2. An apparatus according to claim 1, wherein said control means controls said scrambling means to repeat its scrambling operation not more than a predetermined maximum number of times.
3. A speech privacy processing method comprising the steps of:
scrambling an input original speech signal;
judging whether the scrambling step is being performed including frequency components other than high-frequency components of the original speech signal and of the scrambled signal; and
repeating the scrambling operation until the judging step judges that the scrambling operation is being performed including the frequency components other than high-frequency components.
4. A method according to claim 3, wherein the scrambling step is repeated not more than a predetermined maximum number of times.
5. A speech privacy processing apparatus comprising:
means for scrambling an input original speech signal;
means for counting a number of scrambling operations performed by said scrambling means; and
means for transmitting data representing the number counted by said counting means.
6. A speech privacy processing method comprising the steps of:
scrambling an input speech signal repeatedly;
counting the number of the repeated scrambling operations; and
transmitting the counted number together with the scrambled signal.
7. A speech privacy processing method for processing a received signal which was scrambled a number of times and which includes the number of scrambling operation, comprising the steps of:
extracting the number of scrambling operations from the revived signal;
descrambling the revived signal a number of times, which number is equal to the extracted number; and
reproducing an original speech from the descrambled received signal.
8. A speech privacy processing apparatus for processing a received signal which was scrambled a number of times and which includes the number of scrambling operations, comprising:
means for extracting the number of scrambling operations from the received signal;
means for descrambling the received signal a number of times, which number is equal to the extracted number; and
means for reproducing an original speech from the descrambled received signal.
Description
BACKGROUND OF THE INVENTION

1. Field of the Invention

The present invention relates to a speech privacy processing method used when an analog speech signal is transmitted on an analog line whose transmission path band is limited and, more particularly, to a speech privacy processing method by an FFT scrambler method utilizing fast Fourier transformation and an apparatus therefore.

2. Related Background Art

Along with a recent increase in communication traffic, secret communication techniques for preventing a communication content from being known to a third party have gained their importances. Of these techniques, a privacy processing technique is a technique for performing secret communication on a transmission path whose band is limited, e.g., a general public line. Originally, in privacy processing of a speech signal, when a speech signal is subjected to complicated privacy processing to enhance a degree of privacy, quality of a descrambled speech signal is degraded. On the contrary, when degradation of the quality is to be avoided, a sufficient privacy strength cannot be obtained. As a method of simultaneously attaining secrecy and protection of an analog speech signal and high quality of a descrambled speech signal, a coefficient substitution method (FFT scrambler method) using fast Fourier transformation (to be referred to as FFT hereinafter) is known.

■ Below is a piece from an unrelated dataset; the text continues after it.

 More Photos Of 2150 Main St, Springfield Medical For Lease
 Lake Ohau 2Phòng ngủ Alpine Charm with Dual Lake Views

The prior art will be described below with reference to the accompanying drawings.

FIGS. 2A and 2B are block diagrams of a privacy processing apparatus of an analog speech signal by a conventional FFT scrambler method. In FIG. 2A, an analog speech signal x(t}to be subjected to privacy processing is input from an input terminal 31 to an A/D converter 32 and is converted to discrete signals x(n) (n=0, 1, 2, . . . ). The sample values are framed in units of N points (=one frame) by a framing circuit 33 In this case, frame sync data 38a indicating the beginning of each frame is supplied to a sync signal generator 38, thereby generating a frame sync signal 38b.

FIG. 3A shows a time waveform of an original signal, and its frame. This frame is input to an N-point FFT processor 34 to obtain n FFT coefficients X(k) (k=0, 1, . . . , n-1) from N time waveform sample values x(n) (n=0, 1, . . . , n-1). A digital signal x(n) obtained as a result of sampling of an input speech signal is expressed by:

x(n)=λA(λ) cos (αλn)+θ(λ))

A discrete Fourier coefficient X(k) obtained from the FFT processor 34 is given by: ##EQU1## (k=0, 1, . . . , n-1) FIG. 3B(a) shows N FFT coefficients X(k) (k=0, 1, . . . , N-1) of one frame.

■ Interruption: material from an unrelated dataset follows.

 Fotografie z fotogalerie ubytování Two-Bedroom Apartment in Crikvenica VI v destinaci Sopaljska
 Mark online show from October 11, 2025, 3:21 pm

The N FFT coefficients are subjected to random substitution by a scrambler 35. FIG. 3B(b) partially shows this state. When N sample values Y(0), Y(1),..., Y(N-1) on the frequency axis obtained in this manner are input to an IFFT (Inverse Fast Fourier Transformation) processor 36, N sample values y(n) (n=0, 1, . . . , N) of a privacy signal to be calculated can be obtained. These sample values are converted to an analog privacy signal y(t) by a D/A converter 37, and the converted signal is transmitted onto a transmission path. FIG. 3C shows the privacy signal y(t). In this case, ##EQU2## (n=0, 1, . . . , N-1)

As can be seen from FIG. 3B, the privacy signal y(t) can be transmitted in the same frequency band as that of the original speech signal. When the signal y(t) is sent onto a transmission path, the frame sync signals 38b generated by the sync signal generator 38 and indicating a boundary of each frame are added to the signal y(t).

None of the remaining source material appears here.